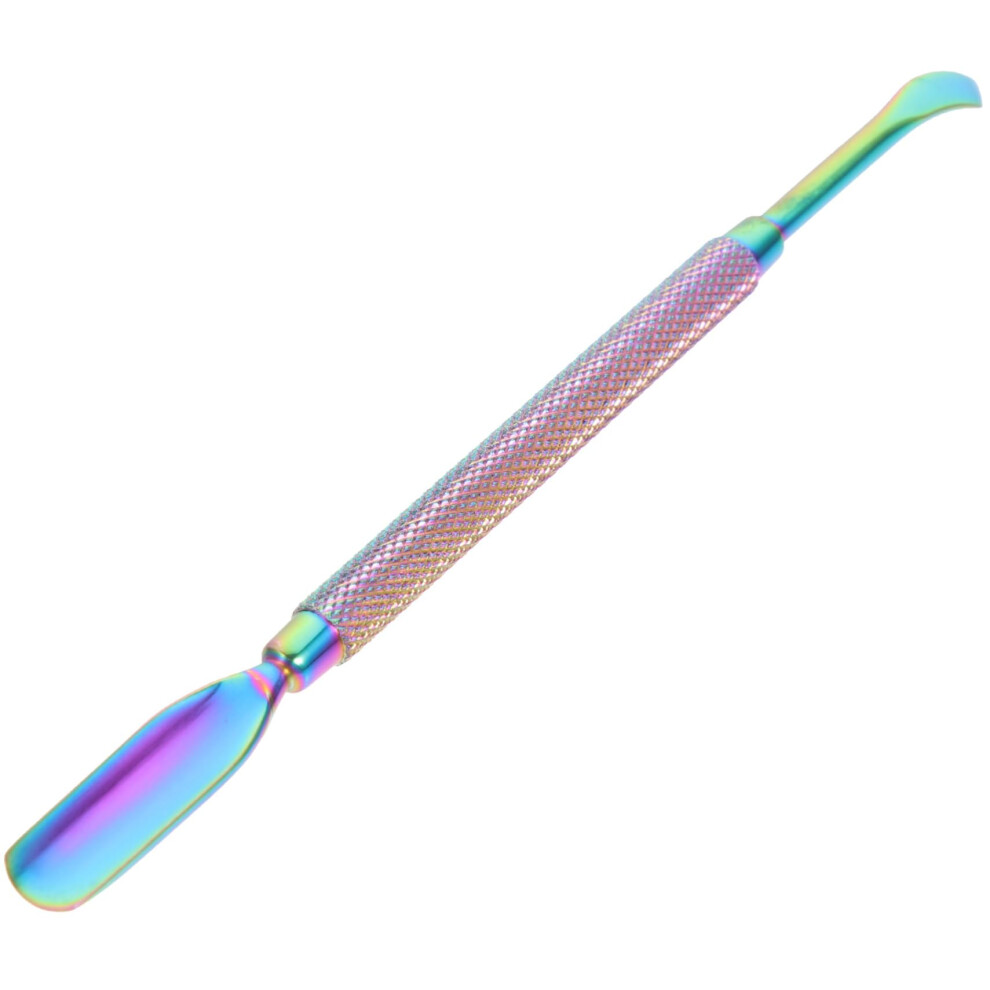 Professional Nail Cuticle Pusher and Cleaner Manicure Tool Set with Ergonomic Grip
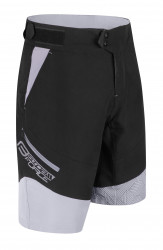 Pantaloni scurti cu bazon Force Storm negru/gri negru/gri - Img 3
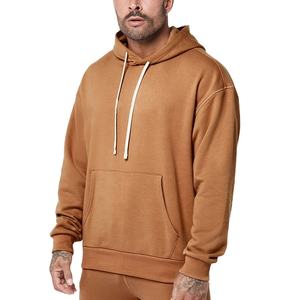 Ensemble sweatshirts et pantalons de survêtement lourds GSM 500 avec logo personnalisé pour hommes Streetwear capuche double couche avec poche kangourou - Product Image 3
▬▬▬▬▬▬
WHAT YOU ARE ASKED TO DO
Retype the whole listing exactly and leave the pictures out.

SOLUTION FOR THIS TASK
 Professional Nail Cuticle Pusher and Cleaner Manicure Tool Set with Ergonomic Grip
 Pantaloni scurti cu bazon Force Storm negru/gri negru/gri - Img 3
 Ensemble sweatshirts et pantalons de survêtement lourds GSM 500 avec logo personnalisé pour hommes Streetwear capuche double couche avec poche kangourou - Product Image 3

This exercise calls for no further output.